## Assignment
If a picture appears, leave it out, and reproduce exactly the lines from the start of the listing below through the one bearing "If we take the".

## Supplied information
______

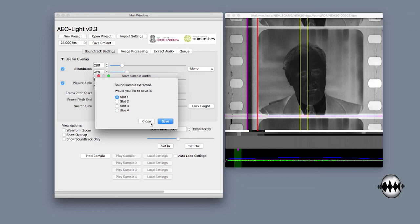While this is a unilateral track, the principles of setting the bounding box parameters apply to all types of variable area soundtracks, whether they have one or two channels.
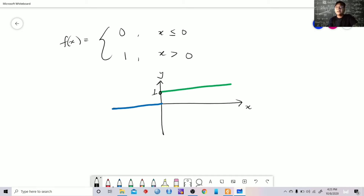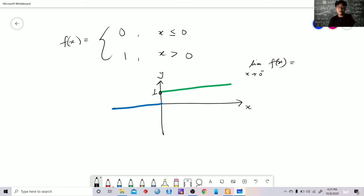If we take the limit of f of x as x approaches 0 from the left, meaning we look at all values of x to the left of 0, those values are negative. Since f of x equals 0 for negative x, the left-hand limit is 0.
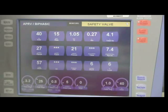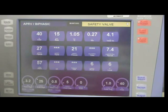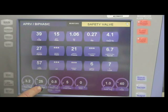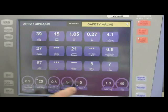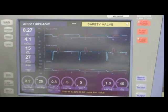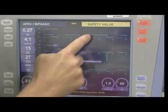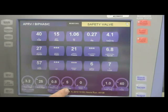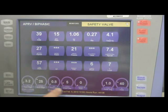Now let's take a look at the ventilator screen in APRV and I want to point out some settings. First is the pressure high — this would be equivalent to your peak inspiratory pressure, as we can see if we look at the waveform. The next setting is the pressure low, which would be equivalent to your PEEP. So we have pressure high and pressure low.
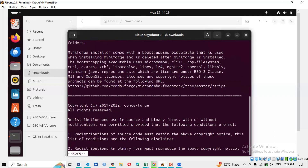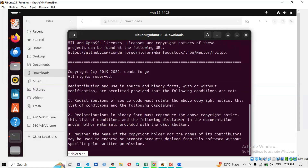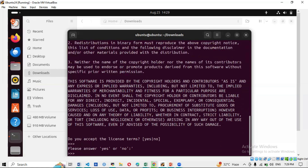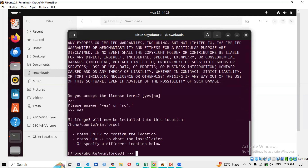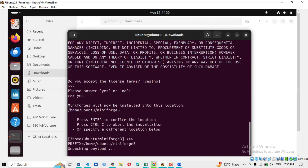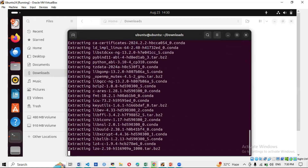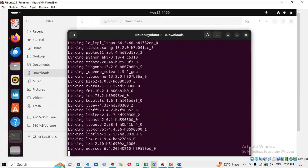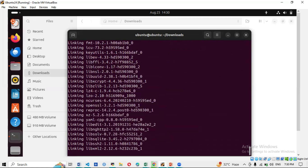Continue reading through the script/license. When asked 'Do you accept the license terms?' type 'yes' and press Enter. It will tell you Miniforge will be installed at the location: /home/ubuntu/miniforge3 — you can change this, but the default is fine. Press Enter and the installation will start, unpacking and extracting files. This takes a little time.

______

## Response
While this is a unilateral track, the principles of setting the bounding box parameters apply to all types of variable area soundtracks, whether they have one or two channels.
If we take the limit of f of x as x approaches 0 from the left, meaning we look at all values of x to the left of 0, those values are negative. Since f of x equals 0 for negative x, the left-hand limit is 0.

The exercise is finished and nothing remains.